Non posso dire sia la prossima e quale sia, in questo mondo di copioni. Quindi dico l’ultima: il passaporto digitale della moda. Come era stato 20 anni fa con Yoox, può cambiare il mondo del fashion, renderlo più trasparente, con zero greenwashing. I consumatori possono finalmente fare scelte consapevoli. Attraverso un semplice procedimento è possibile scoprire da dove viene qualsiasi capo, che strada ha fatto per arrivare dov’è, chi lo ha costruito e disegnato, da quali materiali è composto, dove e da chi è stato prodotto. Quando ho messo insieme questa task force per conto del Re, ho ottenuto l’impegno da parte di tutti i membri della Taskforce al G20, di inserire il passaporto digitale nei capi dei loro negozi. I clienti avranno finalmente tutte le informazioni per fare scelte responsabili, che prima non avevano.
La formazione all’estero è stata per lei molto importante. Nel suo libro accenna all’uso delle parole patria e sovranità: le trova limitanti per l’innovazione in questo periodo storico?

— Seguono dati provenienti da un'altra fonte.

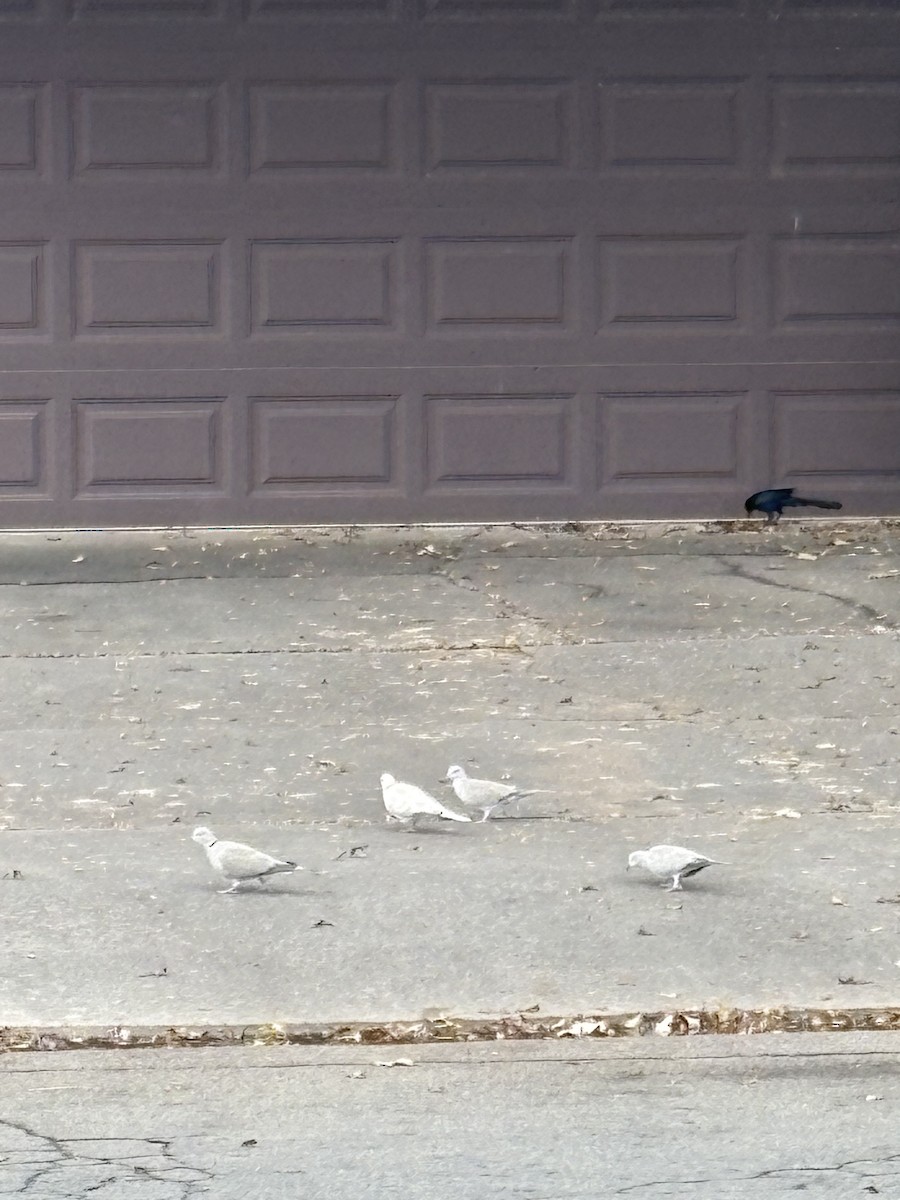 Eurasian/African Collared-Dove - ML646075823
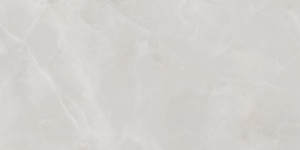 TWU09RVL007 плитка облицовочная Риволи / Rivoli 249*500 (12 шт в уп/80,676 м в пал)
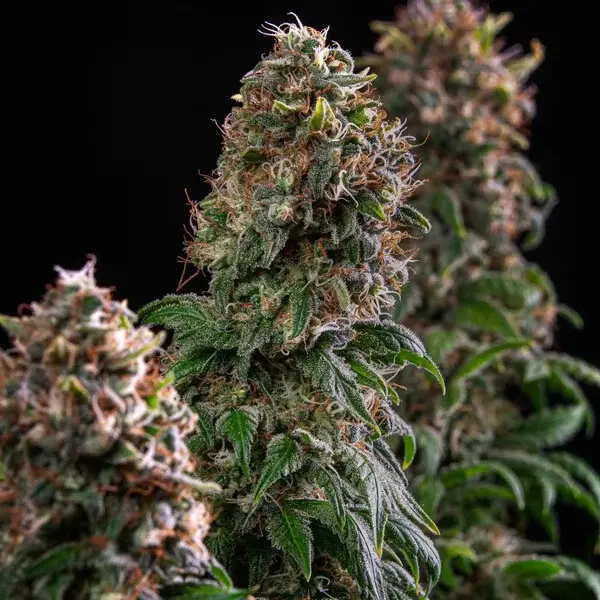 Blue Mystic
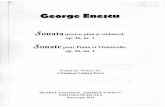 Enescu - Sonata Pentru Pian Si Violoncel, Op. 26, Nr. 1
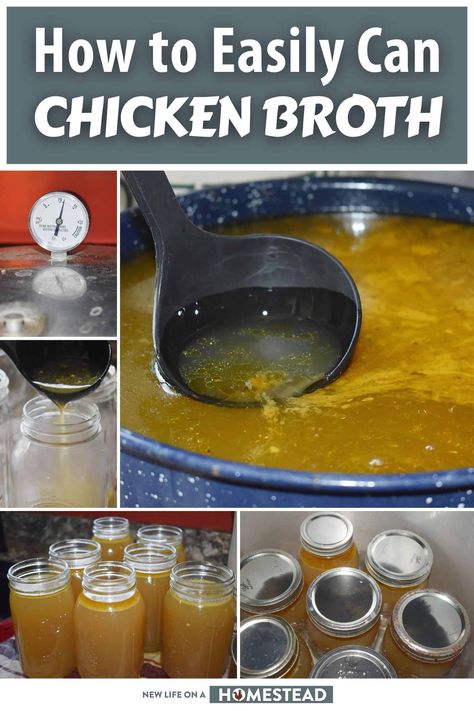 Learn how to can chicken stock or broth with this step-by-step tutorial. #canning #chickenbroth #homesteading Canning Chicken Broth, Water Canning, Can Chicken Broth, Garden Canning, Canning Chicken, Canning Meat, Homestead Recipes, Freezing Fruit, Pressure Canning Recipes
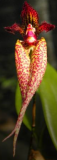 Bulbophyllum Emely Siegerist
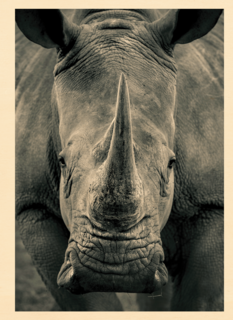 blanco kaart neushoorn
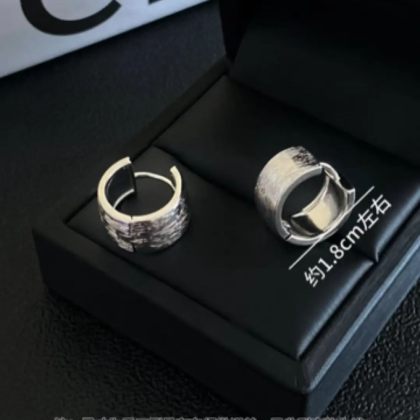 Satin-like brushed metal earrings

Ai giovani e a chiunque voglia cambiar vita dico che se vogliono fondare una start up, è fondamentale non pensare solo all’Italia. Perché l’Italia rispetto al mondo è piccola e il piccolo rischia di sparire. Io sono partito dall’Italia e senza la moda italiana non sarei riuscito a fare ciò che ho fatto, ma dal primo giorno il sito di Yoox prevedeva la scelta di navigazione con lingua italiana o inglese e vendeva in tutta Europa. Si creano aziende destinate a durare per sempre guardando oltre il proprio ombelico. Per quanto riguarda patria e sovranità, mi dispiace molto che non ci sia più un ministero dell’Innovazione. La tecnologia riguarda tutto il mondo e il futuro va gestito, non fermato. E chi può gestirlo al meglio se non la politica e statisti intelligenti?